Pour l’année, le plan budgétaire de Talend prévoit le recrutement de vingt personnes à Nantes. Dix d’entre elles sont déjà embauchées. « C’est assez hallucinant d’arriver à faire cela aussi vite », estime Laurent Bride qui précise qu’à l’horizon 2018, la société pense rassembler une centaine de personnes sur le centre de Nantes. En prenant en considération les effectifs R&D actuels de l’éditeur qui réunissent à peu près 200 personnes, cela signifie qu’en 2018, un tiers de sa force de développement sera concentrée à Nantes. « Ce sera vraiment le centre d’investissement majeur au niveau de la R&D pour Talend », confirme le CTO. En dehors de ses deux centres français, la société compte aussi des développeurs à Bonn, en Allemagne, venant du rachat de Sopera, et en Chine où elle s’est installée à un moment donné pour des raisons de coût, explique le directeur technique.

Les compétences techniques pas assez valorisées en France

En France, les équipes de Talend comportent aussi des développeurs étrangers, la pénurie constatée sur les compétences recherchées nécessitant d’élargir le périmètre de recrutement. « Dans le monde informatique, on aime assez ce melting pot avec des gens qui viennent de tous les horizons. Dans le monde de l’open source dans lequel évolue Talend, on retrouve autour des projets des développeurs qui viennent de partout », rappelle Laurent Bride. Il regrette néanmoins « le manque de vocation que l’on peut avoir en France sur des sujets techniques » alors qu’aux Etats-Unis, ces compétences sont plutôt valorisées. Outre-Atlantique, « vous pouvez avoir des contributeurs individuels qui sont très forts techniquement et qui sont très bien payés, parfois mieux que des personnes ayant des responsabilités managériales et administratives importantes. En France, c’est moins dans la culture ». En dépit de ce manque de talents à très forte valeur ajoutée, on en trouve tout de même « et justement en se rapprochant de centres comme Nantes », souligne Laurent Bride. « Là, nous sommes vraiment sur l’écosystème local et donc, sur des ingénieurs français ».
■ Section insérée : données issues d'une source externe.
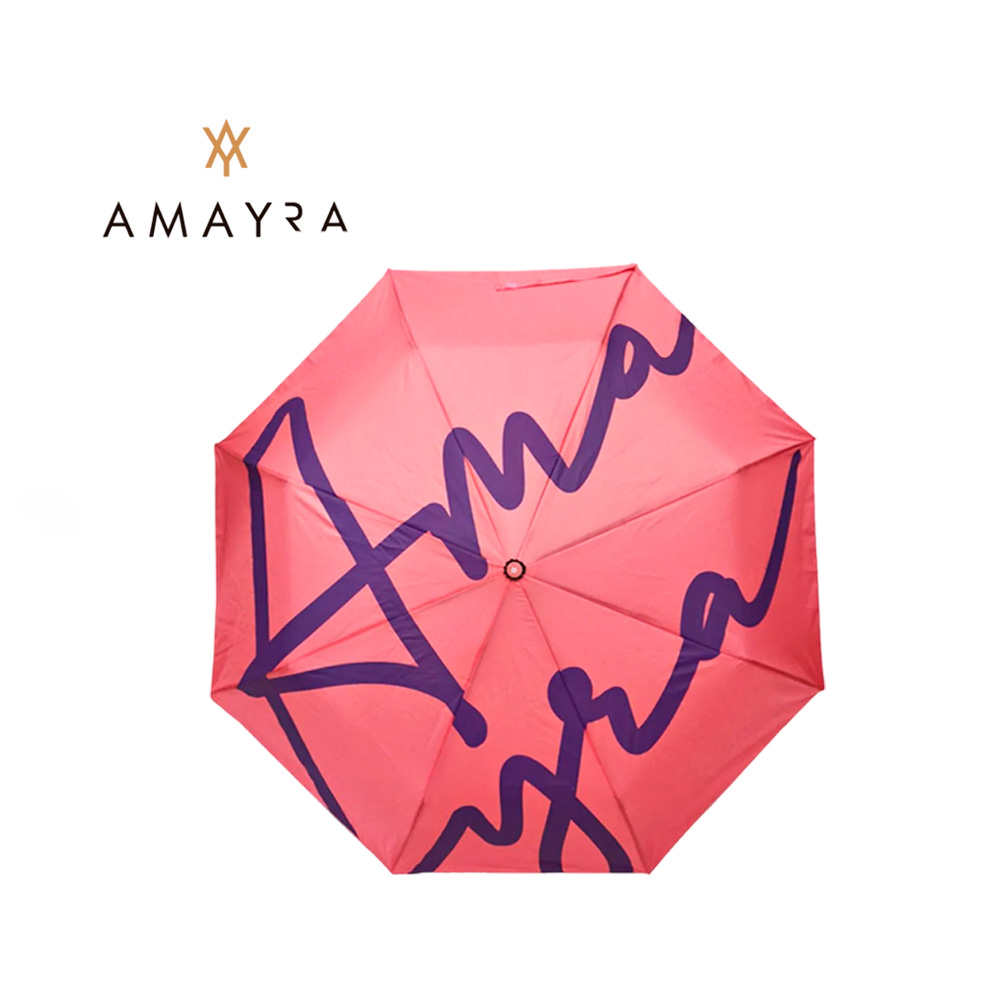 PARAGUAS AMAYRA AUTOMATICO 21.5"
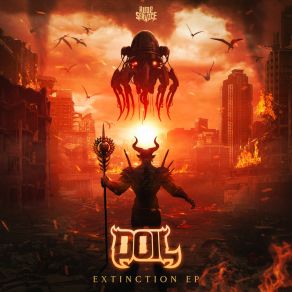 Download track EXTINCTION DoiL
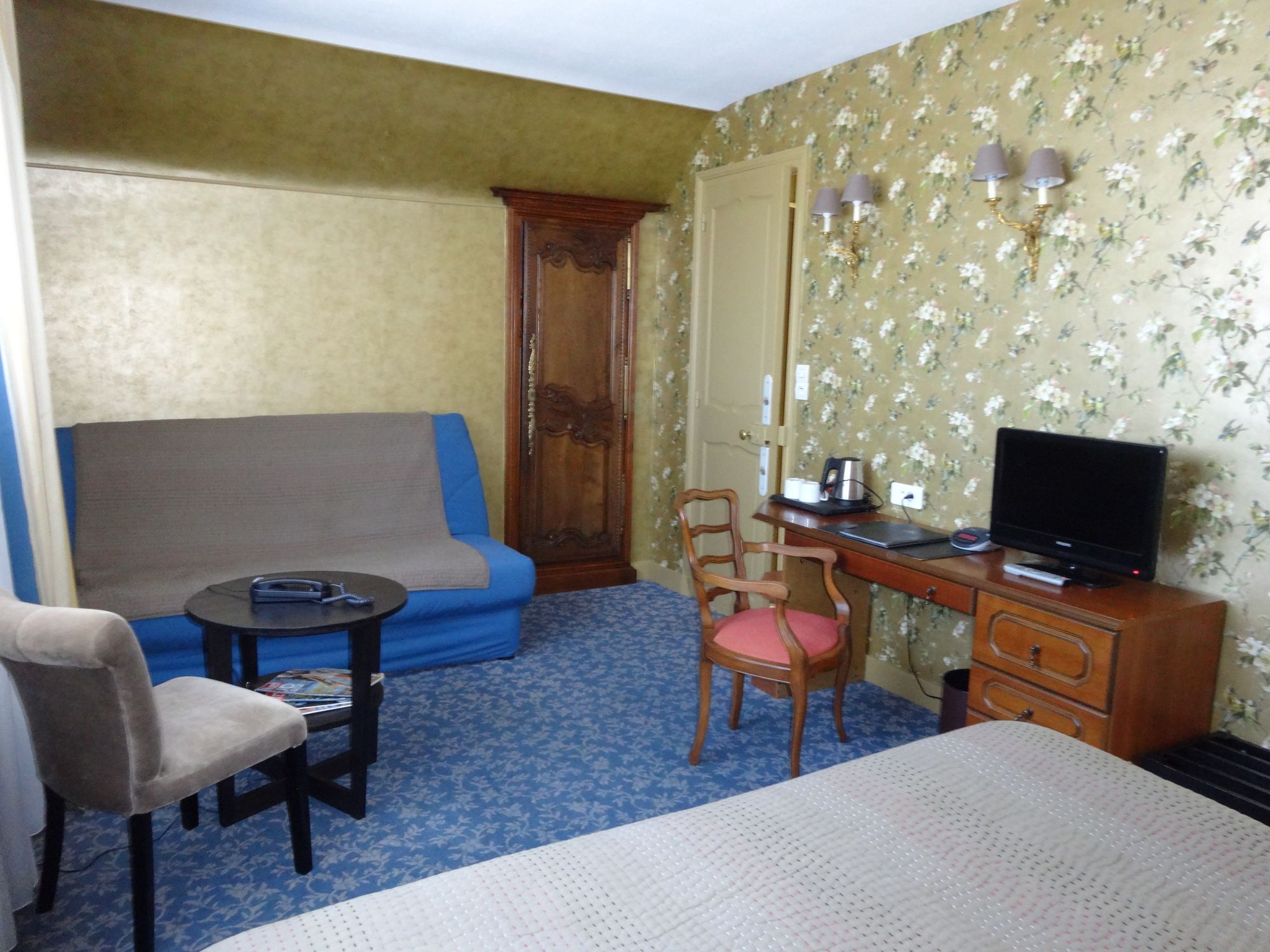 Best Western Montgomery
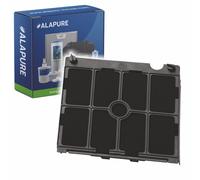 Filtre à charbon longue durée AEG avec support MCFE11FR / 9029800563 par Alapure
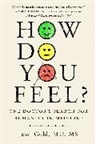 Jessi Gold - How Do You Feel?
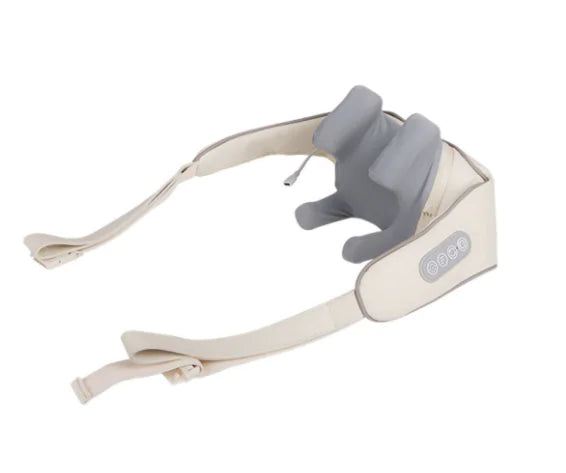 Full Body Multifunctional Shoulder and Neck Massager Canvia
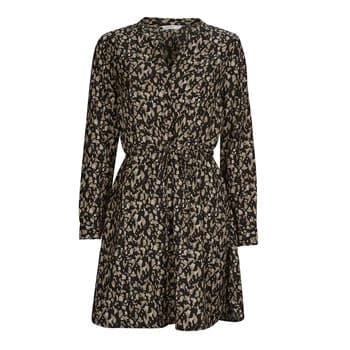 Lyhyt mekko Only  ONLCORY L/S V-NECK TUNIC WVN  EU S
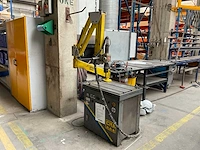 2004 cma rhr-45 tapmachine - afbeelding 2 van  11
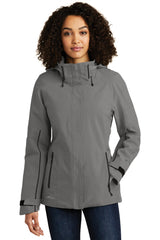 Eddie Bauer Women's WeatherEdge Plus Insulated Jacket EB555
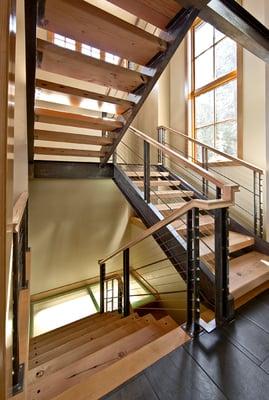 Cascade Stair Company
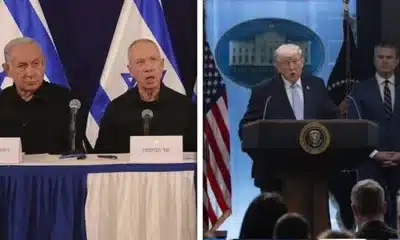 trump-netanyahu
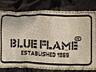 Недорого демисезонную куртку Blue Flame (Германия)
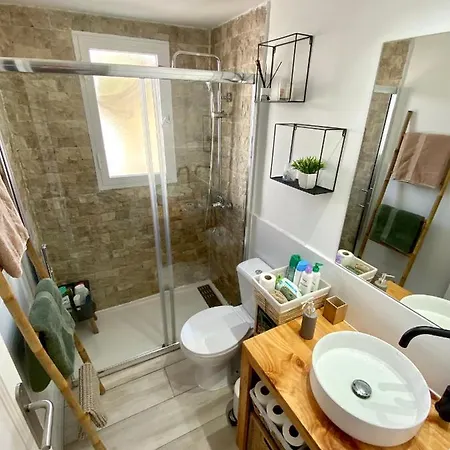 Apartment Apartamento San Valentin, *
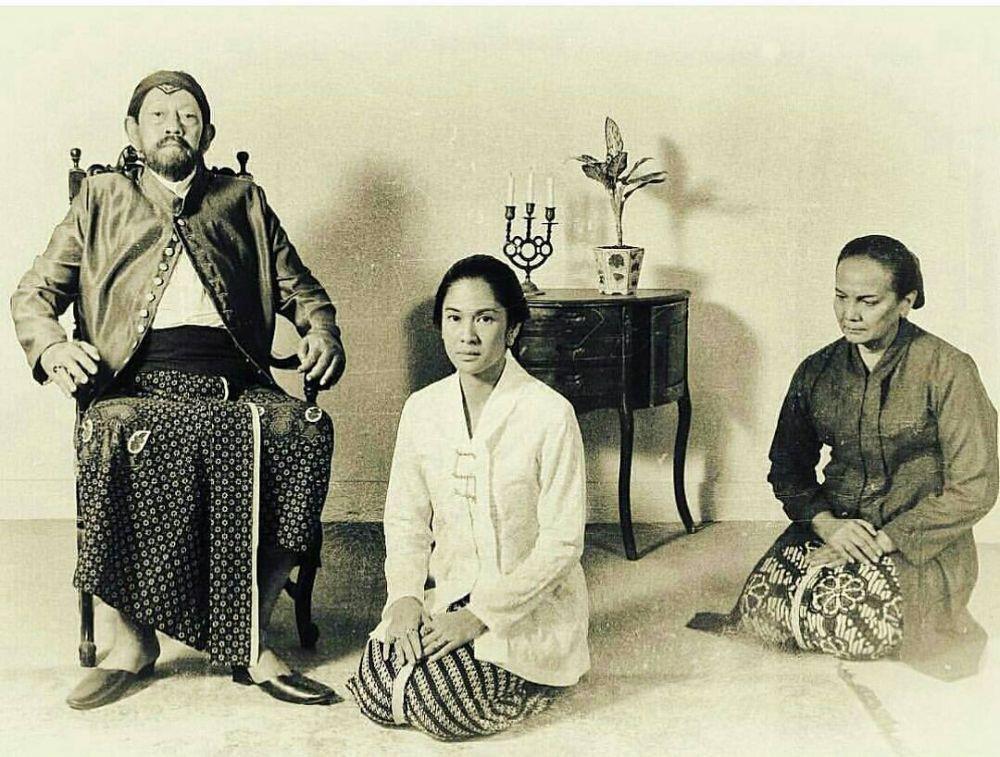 5 Artis yang Pukau Penonton dengan Lakonnya sebagai R.A.Kartini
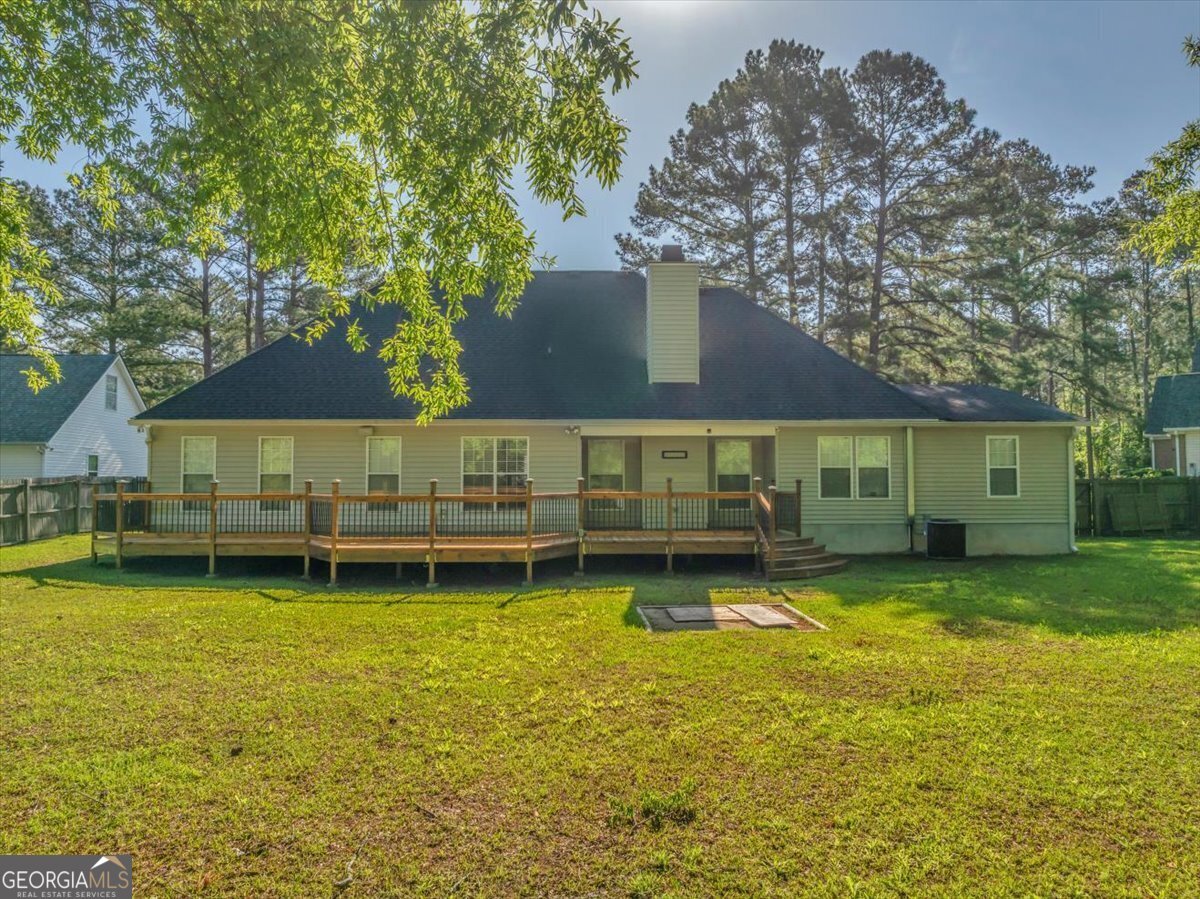 153 Montrose Drive Macon - 4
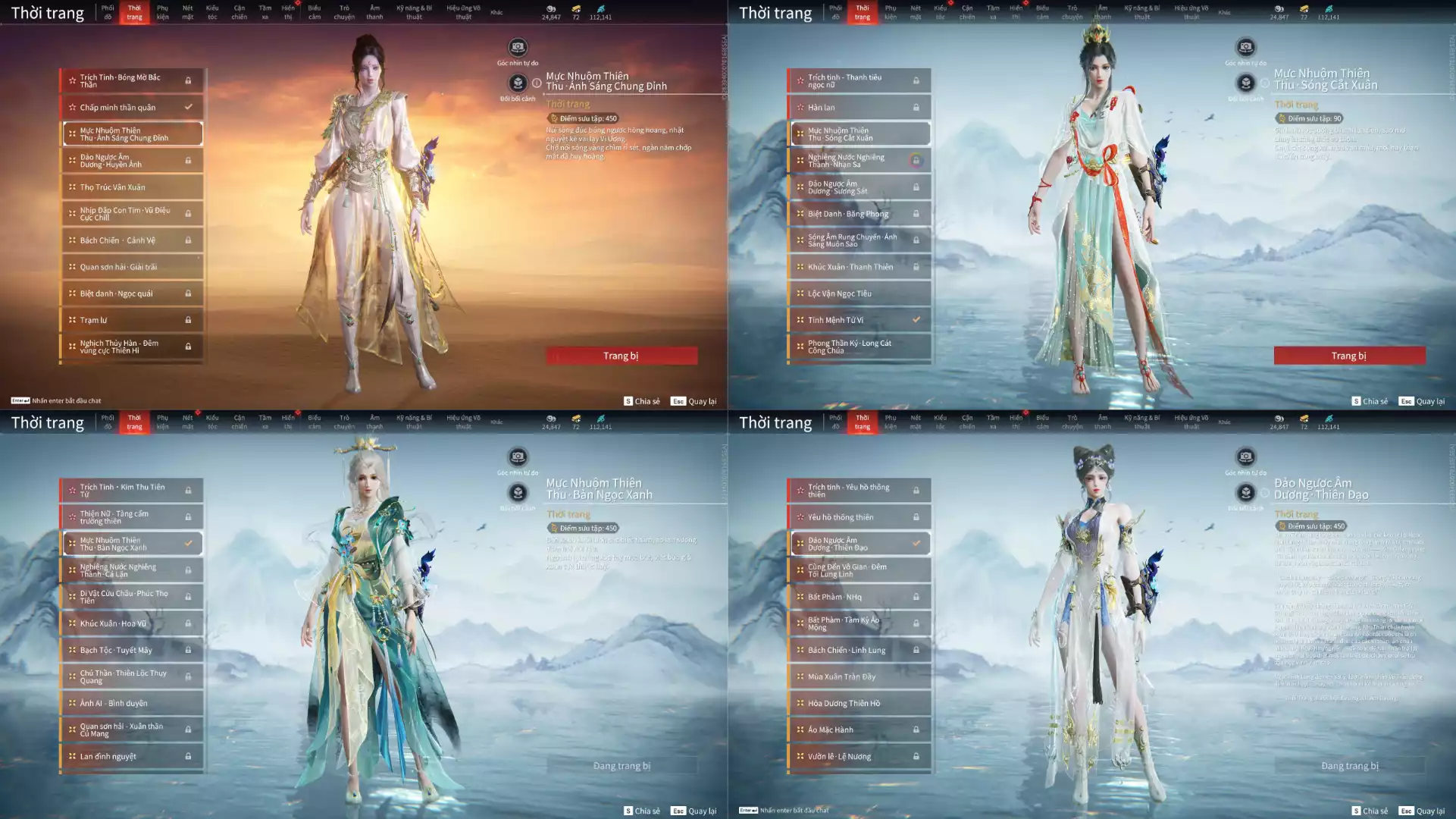 Ảnh Acc 632: ***Bản Ultimate***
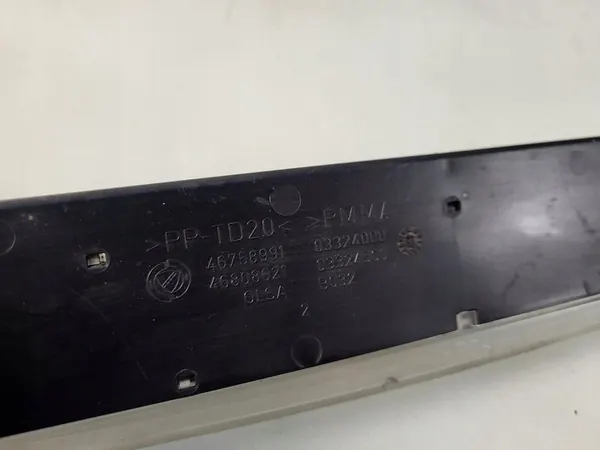 Takavalaisin Fiat Stilo 46758991 image 4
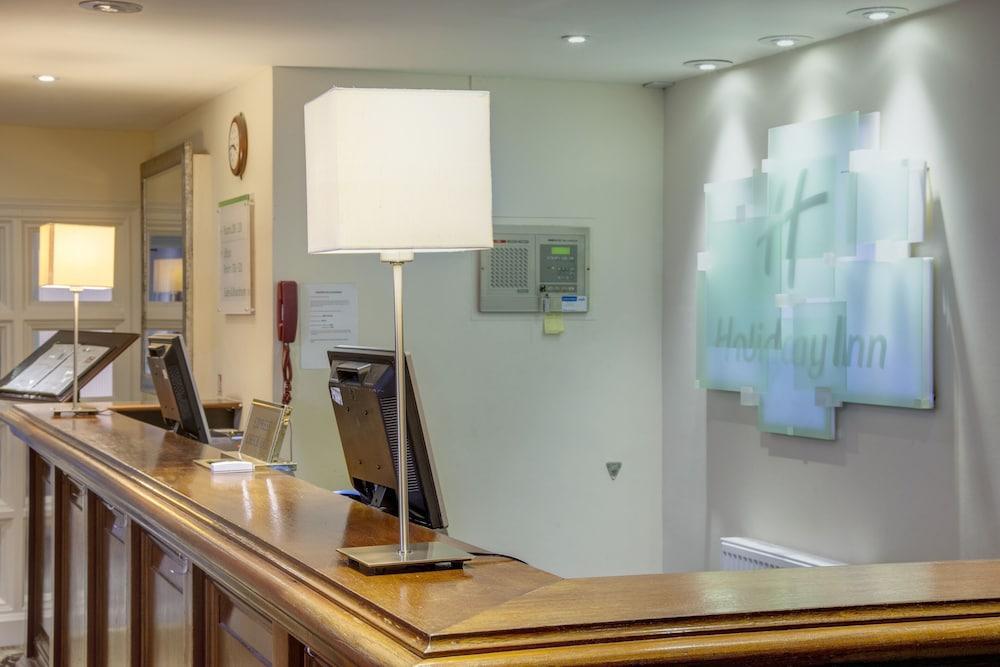 Holiday Inn Norwich North By Ihg NWI Exterior foto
Talend a été créé en 2006 par Bertrand Diard et Fabrice Bonan. Dès sa fondation, la société s’est implantée aux Etats-Unis et son siège social est installé à Redwood City en Californie. Au cours de ses différents tours de table, elle est parvenue à lever 100 M$. Elle a aujourd’hui dépassé les 500 collaborateurs. Cette société privée ne communique pas son chiffre d’affaires.